Work required | Each line from the start of the data below through the one containing "Adidas Gold Hat" must be reproduced exactly.

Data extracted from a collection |
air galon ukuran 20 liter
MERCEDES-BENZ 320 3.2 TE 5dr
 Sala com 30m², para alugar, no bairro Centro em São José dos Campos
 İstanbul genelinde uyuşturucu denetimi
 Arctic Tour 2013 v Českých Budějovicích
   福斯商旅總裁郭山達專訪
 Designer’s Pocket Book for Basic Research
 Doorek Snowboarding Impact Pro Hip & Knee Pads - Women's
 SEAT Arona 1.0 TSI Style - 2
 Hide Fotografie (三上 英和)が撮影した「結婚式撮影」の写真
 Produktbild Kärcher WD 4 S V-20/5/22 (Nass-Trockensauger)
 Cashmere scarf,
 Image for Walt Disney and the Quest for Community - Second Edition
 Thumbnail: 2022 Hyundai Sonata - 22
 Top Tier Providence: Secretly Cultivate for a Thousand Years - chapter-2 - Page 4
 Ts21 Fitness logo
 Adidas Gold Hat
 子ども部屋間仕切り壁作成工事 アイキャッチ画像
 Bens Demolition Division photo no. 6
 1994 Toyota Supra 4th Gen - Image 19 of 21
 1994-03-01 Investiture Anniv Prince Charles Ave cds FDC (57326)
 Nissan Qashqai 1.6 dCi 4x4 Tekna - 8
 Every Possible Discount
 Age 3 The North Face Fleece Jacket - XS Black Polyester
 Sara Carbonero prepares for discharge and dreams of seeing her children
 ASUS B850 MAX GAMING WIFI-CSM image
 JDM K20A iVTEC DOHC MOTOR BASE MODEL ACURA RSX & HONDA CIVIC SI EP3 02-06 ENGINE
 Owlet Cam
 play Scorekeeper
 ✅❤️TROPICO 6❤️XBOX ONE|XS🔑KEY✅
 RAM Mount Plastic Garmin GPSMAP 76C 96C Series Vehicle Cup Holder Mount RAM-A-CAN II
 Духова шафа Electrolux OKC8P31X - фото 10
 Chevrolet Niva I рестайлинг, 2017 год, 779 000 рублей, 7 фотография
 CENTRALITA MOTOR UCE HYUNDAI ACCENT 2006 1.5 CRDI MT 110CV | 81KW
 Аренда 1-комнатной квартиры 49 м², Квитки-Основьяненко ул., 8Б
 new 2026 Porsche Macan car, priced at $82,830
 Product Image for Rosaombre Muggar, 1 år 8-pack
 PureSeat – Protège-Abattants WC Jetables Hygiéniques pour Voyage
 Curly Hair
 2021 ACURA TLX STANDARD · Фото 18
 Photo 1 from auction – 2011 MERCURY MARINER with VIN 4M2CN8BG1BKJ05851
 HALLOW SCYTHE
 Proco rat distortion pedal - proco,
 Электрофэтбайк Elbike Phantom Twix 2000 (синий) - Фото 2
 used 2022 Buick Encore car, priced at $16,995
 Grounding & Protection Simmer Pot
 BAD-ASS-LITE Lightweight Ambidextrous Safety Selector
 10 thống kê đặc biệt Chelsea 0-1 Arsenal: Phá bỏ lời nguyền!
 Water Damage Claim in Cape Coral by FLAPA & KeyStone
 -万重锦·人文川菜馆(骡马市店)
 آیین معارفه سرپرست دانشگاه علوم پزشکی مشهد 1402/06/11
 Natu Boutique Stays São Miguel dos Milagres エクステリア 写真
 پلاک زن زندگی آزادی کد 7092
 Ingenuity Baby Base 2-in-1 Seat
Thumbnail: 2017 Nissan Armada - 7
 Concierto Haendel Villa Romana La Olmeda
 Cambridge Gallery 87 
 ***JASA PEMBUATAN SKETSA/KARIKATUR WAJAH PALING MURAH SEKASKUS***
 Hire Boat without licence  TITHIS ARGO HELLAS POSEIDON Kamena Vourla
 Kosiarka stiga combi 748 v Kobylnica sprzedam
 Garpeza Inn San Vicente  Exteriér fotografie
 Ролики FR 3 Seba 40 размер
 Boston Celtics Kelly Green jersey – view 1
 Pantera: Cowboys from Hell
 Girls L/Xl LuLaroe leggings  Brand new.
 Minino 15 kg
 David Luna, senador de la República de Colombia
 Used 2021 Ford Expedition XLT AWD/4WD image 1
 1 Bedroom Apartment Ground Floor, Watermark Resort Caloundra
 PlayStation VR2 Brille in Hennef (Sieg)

Task output |
air galon ukuran 20 liter
MERCEDES-BENZ 320 3.2 TE 5dr
 Sala com 30m², para alugar, no bairro Centro em São José dos Campos
 İstanbul genelinde uyuşturucu denetimi
 Arctic Tour 2013 v Českých Budějovicích
   福斯商旅總裁郭山達專訪
 Designer’s Pocket Book for Basic Research
 Doorek Snowboarding Impact Pro Hip & Knee Pads - Women's
 SEAT Arona 1.0 TSI Style - 2
 Hide Fotografie (三上 英和)が撮影した「結婚式撮影」の写真
 Produktbild Kärcher WD 4 S V-20/5/22 (Nass-Trockensauger)
 Cashmere scarf,
 Image for Walt Disney and the Quest for Community - Second Edition
 Thumbnail: 2022 Hyundai Sonata - 22
 Top Tier Providence: Secretly Cultivate for a Thousand Years - chapter-2 - Page 4
 Ts21 Fitness logo
 Adidas Gold Hat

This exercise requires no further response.